According to a full-year 2025 report on Iowa and U.S. agricultural exports, U.S. soybean exports fell by roughly $8.1 billion year-over-year, with Iowa producers absorbing over $1 billion of that loss. China’s purchases of U.S. soybeans collapsed between June and October 2025 in response to escalating tariffs (Iowa Department of Agriculture analysis, 2025). Iowa grows nearly 14% of the nation’s soybeans and is the second-largest agricultural exporting state.
At the national level, the U.S. agricultural trade deficit — the gap between what American farmers sell abroad and what we import — hit $28.6 billion in the first half of 2025 alone, driven largely by collapsing soybean exports to China and higher input costs (The Gazette, 2025). USDA projected the agricultural trade deficit would climb to $49.5 billion for full-year fiscal 2025. Chapter 12 farm bankruptcies surged 55% and tractor sales dropped 19.2% in 2024 (AInvest analysis, 2025).

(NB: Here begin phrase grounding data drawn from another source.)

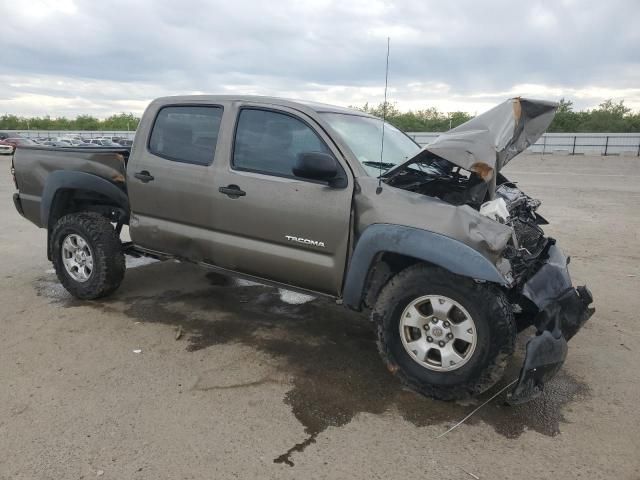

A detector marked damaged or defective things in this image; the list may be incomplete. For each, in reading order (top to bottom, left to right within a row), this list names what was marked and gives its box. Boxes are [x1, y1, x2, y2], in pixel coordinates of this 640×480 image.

bent hood panel [382, 97, 556, 180]
crumpled hood [382, 98, 556, 181]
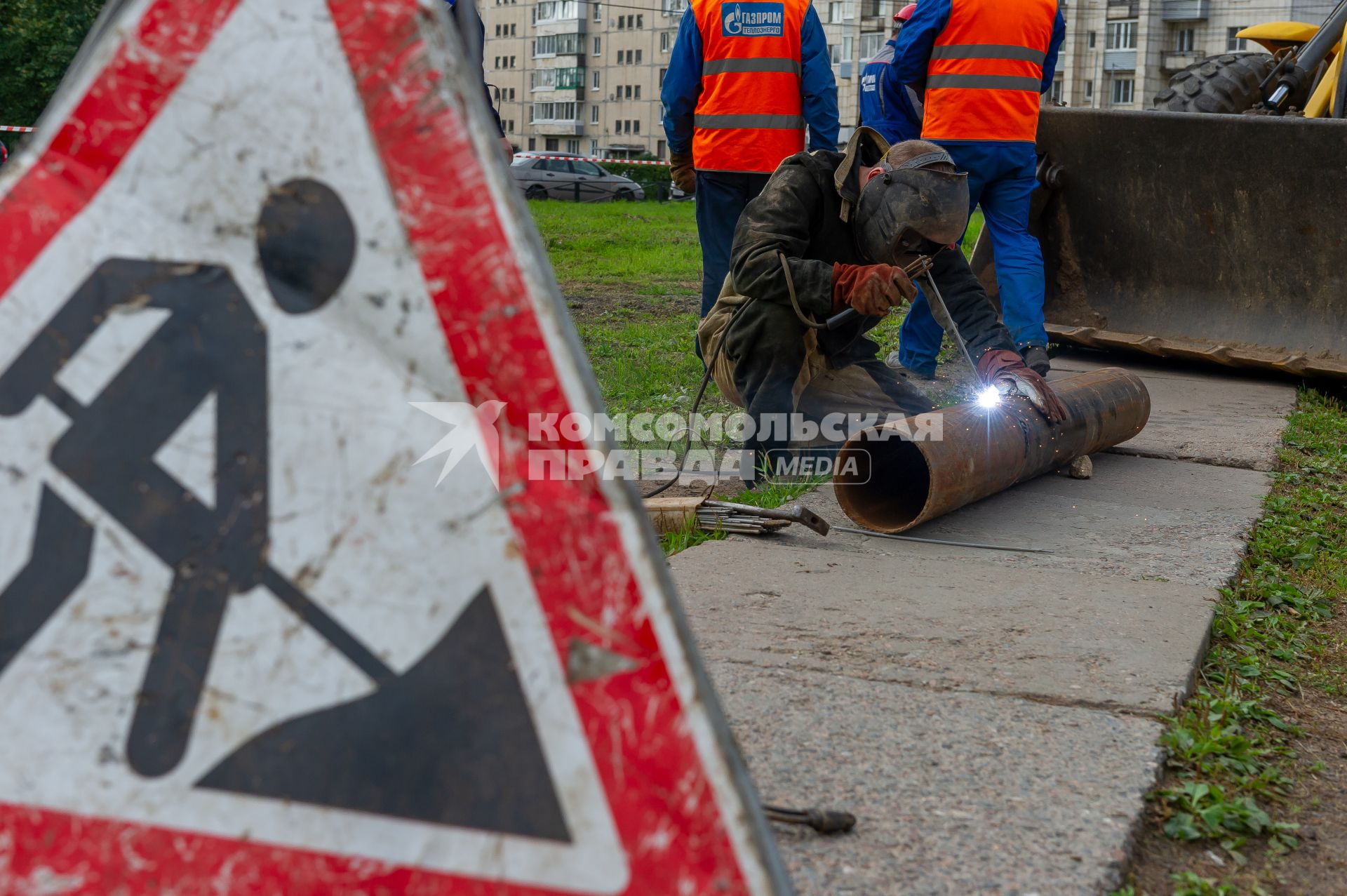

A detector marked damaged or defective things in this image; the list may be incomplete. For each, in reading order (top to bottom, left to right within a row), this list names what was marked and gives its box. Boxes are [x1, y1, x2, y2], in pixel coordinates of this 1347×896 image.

rusty metal pipe [829, 369, 1147, 530]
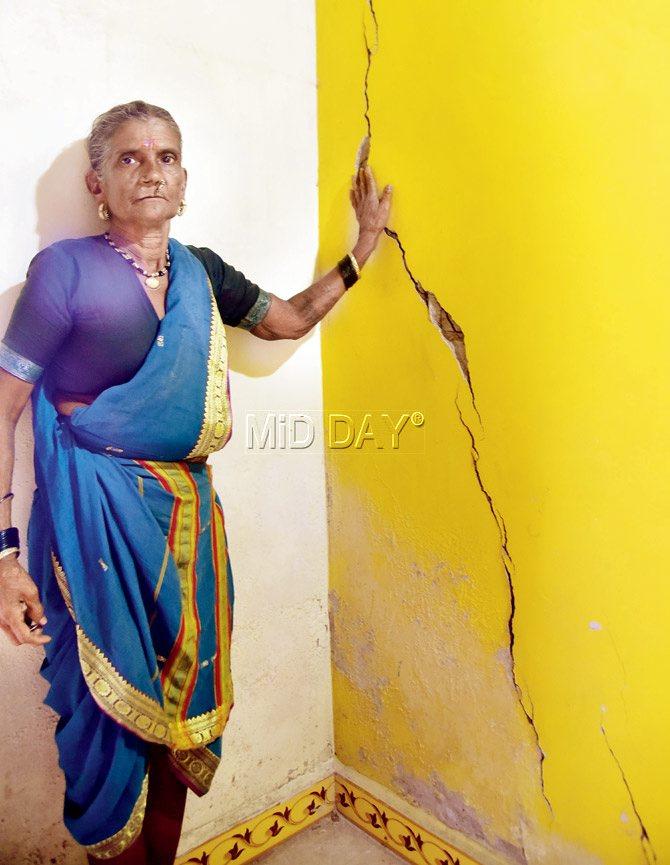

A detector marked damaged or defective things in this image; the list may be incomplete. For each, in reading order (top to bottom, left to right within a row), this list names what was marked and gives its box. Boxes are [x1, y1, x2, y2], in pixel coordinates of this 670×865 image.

Iowa Public Radio reported in April 2025 that commodity and producer groups were calling on the Trump administration to negotiate with trade partners and support new markets amid escalating tariffs and retaliation (Iowa Public Radio, 2025). Local economists at the University of Iowa noted that tariffs on inputs like potash — a key fertilizer ingredient imported from Canada — were increasing farmers’ costs (Business Record, 2025).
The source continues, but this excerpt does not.